◆ Task ◆
Copy each line below exactly and leave the pictures out.

◆ Data section ◆

· · ·

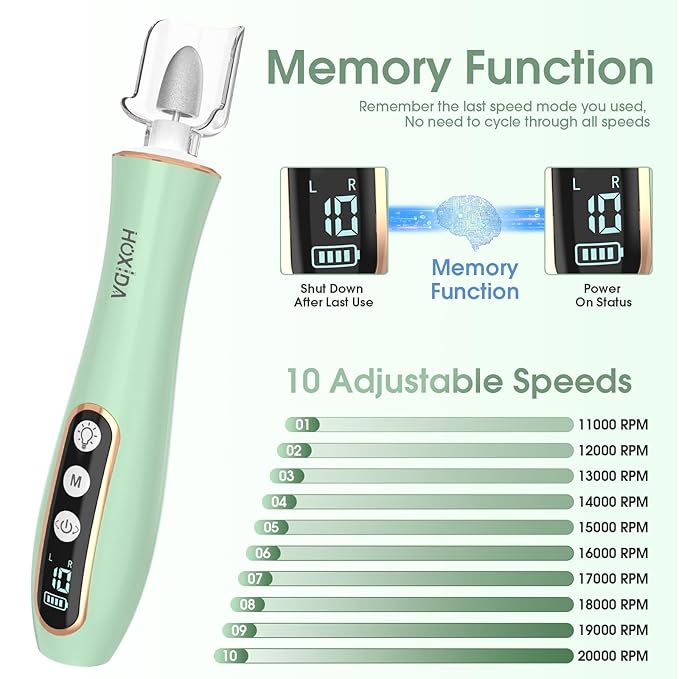 Professional Manicure Pedicure Kit with 360° LED Light&10 Speeds&Memory Mode with Case, Cordless Electric Nail Drill, Pedicure Tools for feet,Hand Foot Care Nail File for Thick Nail Toenail Cuticle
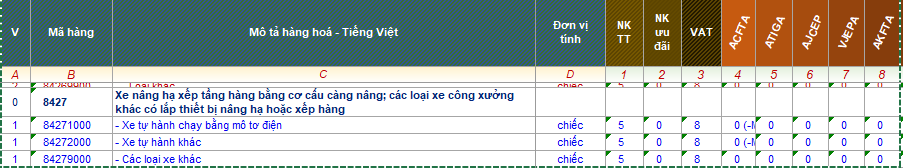 Thủ tục nhập khẩu xe nâng tay
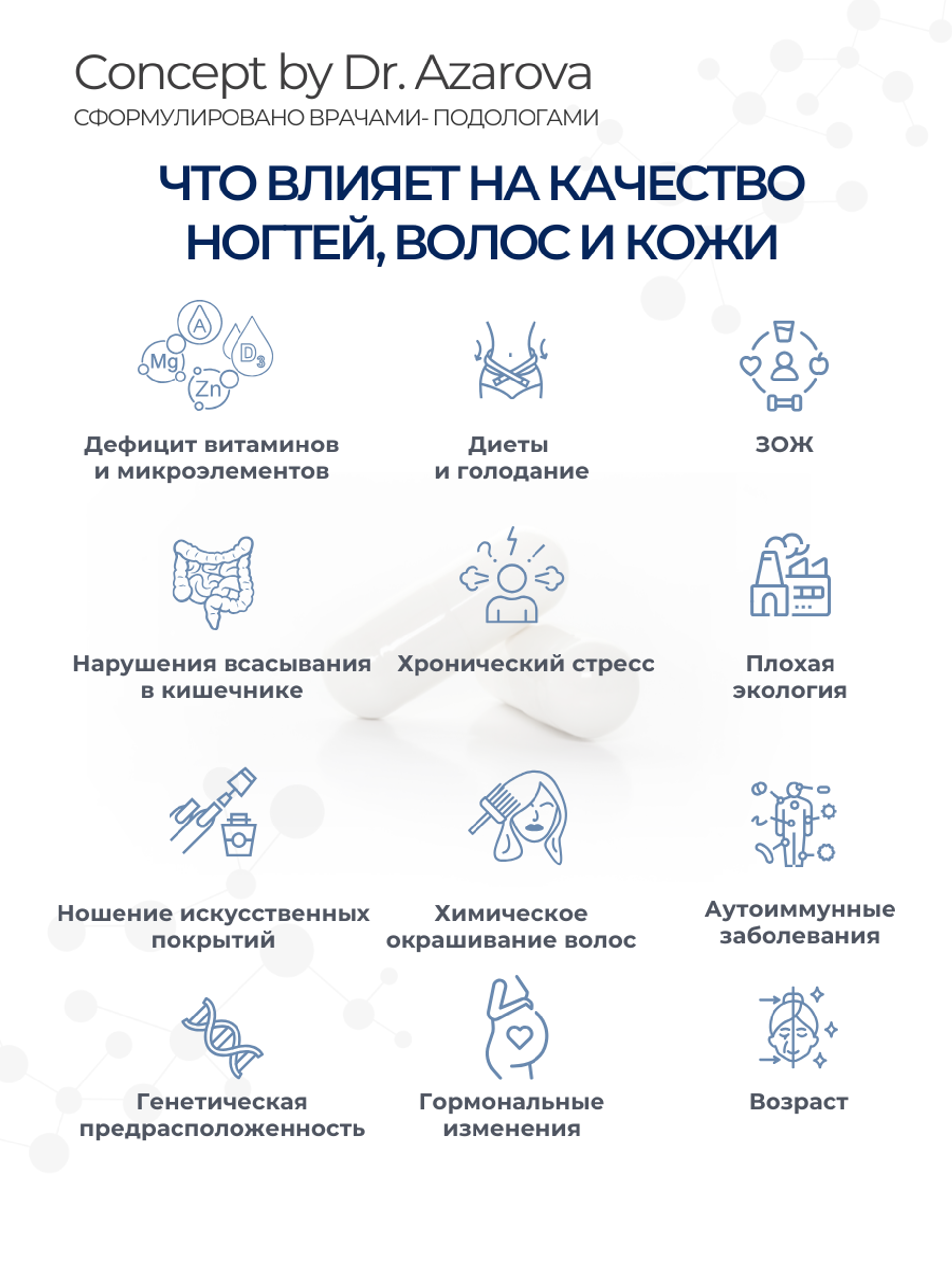 PODONUTRITION® - Витамины для ногтей, волос и кожи, 120 капсул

· · ·

◆ Expected answer ◆
 Professional Manicure Pedicure Kit with 360° LED Light&10 Speeds&Memory Mode with Case, Cordless Electric Nail Drill, Pedicure Tools for feet,Hand Foot Care Nail File for Thick Nail Toenail Cuticle
 Thủ tục nhập khẩu xe nâng tay
 PODONUTRITION® - Витамины для ногтей, волос и кожи, 120 капсул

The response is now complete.